--- Exercise materials Enclosed Below ---
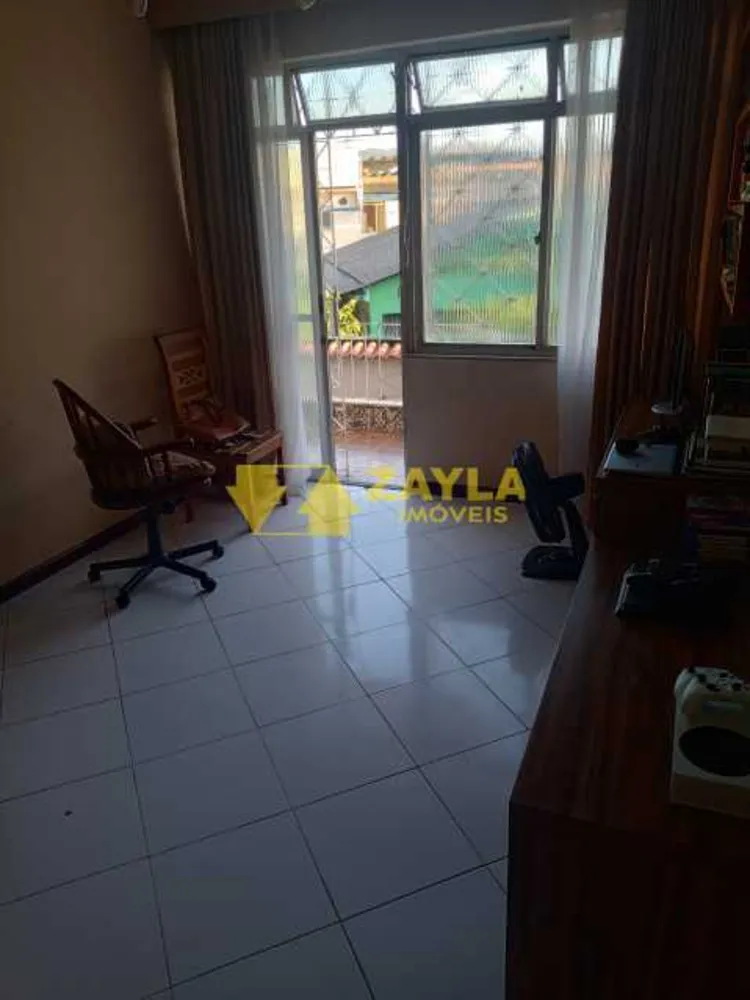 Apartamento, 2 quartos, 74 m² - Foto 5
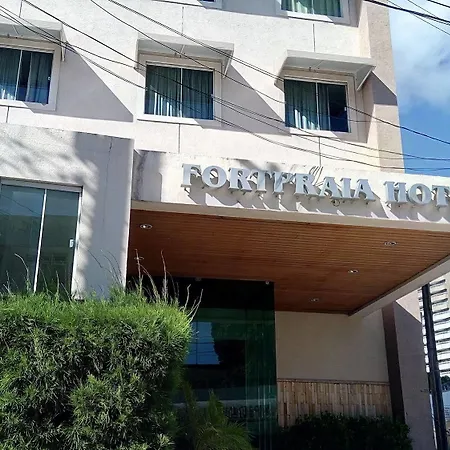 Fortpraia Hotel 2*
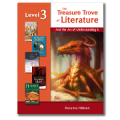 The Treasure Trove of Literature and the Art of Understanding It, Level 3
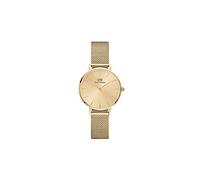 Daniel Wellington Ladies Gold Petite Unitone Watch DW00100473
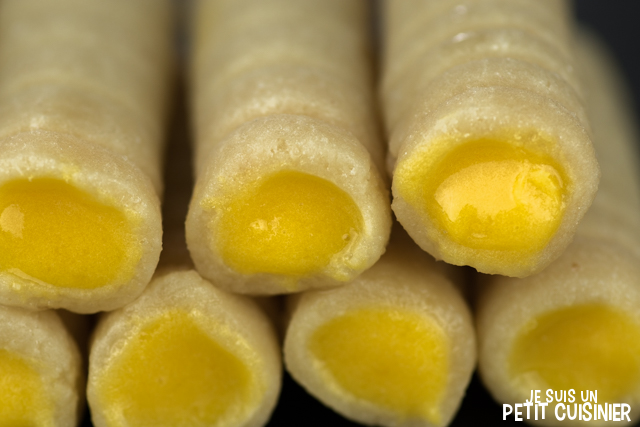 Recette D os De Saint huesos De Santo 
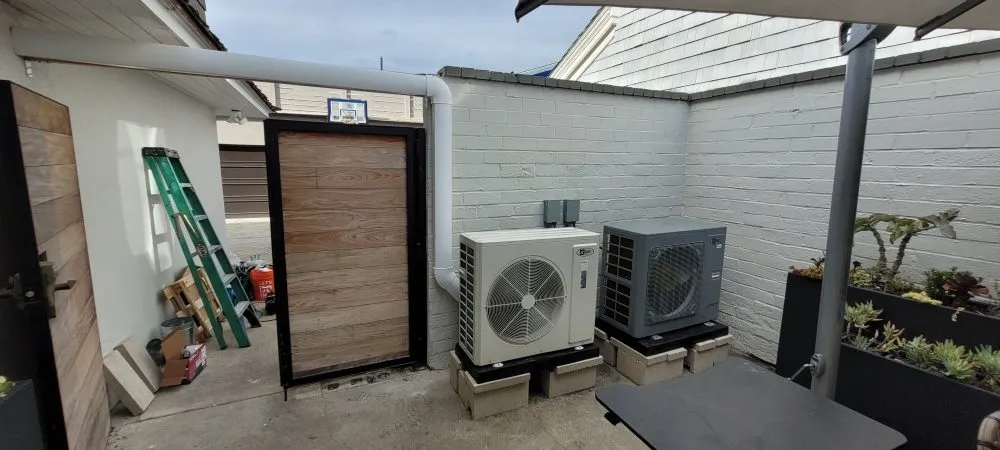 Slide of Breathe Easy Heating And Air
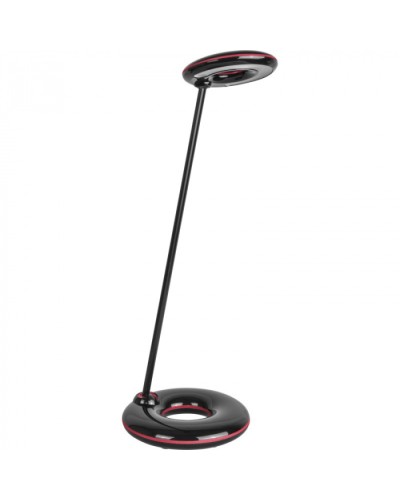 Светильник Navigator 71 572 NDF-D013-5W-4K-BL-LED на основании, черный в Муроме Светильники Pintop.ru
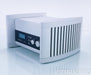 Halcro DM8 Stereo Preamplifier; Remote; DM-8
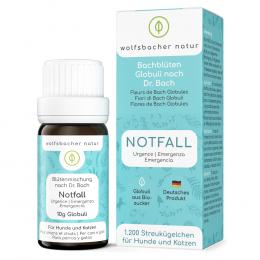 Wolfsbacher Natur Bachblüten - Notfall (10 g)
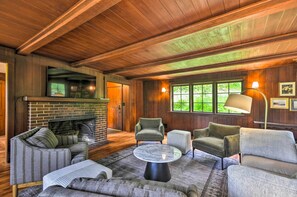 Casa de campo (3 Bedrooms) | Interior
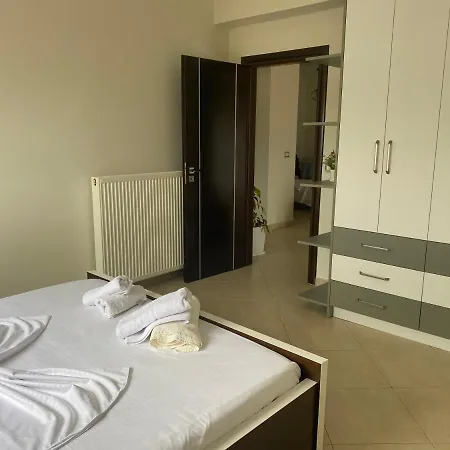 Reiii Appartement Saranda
--- End of Enclosed Exercise materials ---
Print the records again exactly, pictures excluded.

 Apartamento, 2 quartos, 74 m² - Foto 5
 Fortpraia Hotel 2*
 The Treasure Trove of Literature and the Art of Understanding It, Level 3
 Daniel Wellington Ladies Gold Petite Unitone Watch DW00100473
 Recette D os De Saint huesos De Santo 
 Slide of Breathe Easy Heating And Air
 Светильник Navigator 71 572 NDF-D013-5W-4K-BL-LED на основании, черный в Муроме Светильники Pintop.ru
 Halcro DM8 Stereo Preamplifier; Remote; DM-8
 Wolfsbacher Natur Bachblüten - Notfall (10 g)
 Casa de campo (3 Bedrooms) | Interior
 Reiii Appartement Saranda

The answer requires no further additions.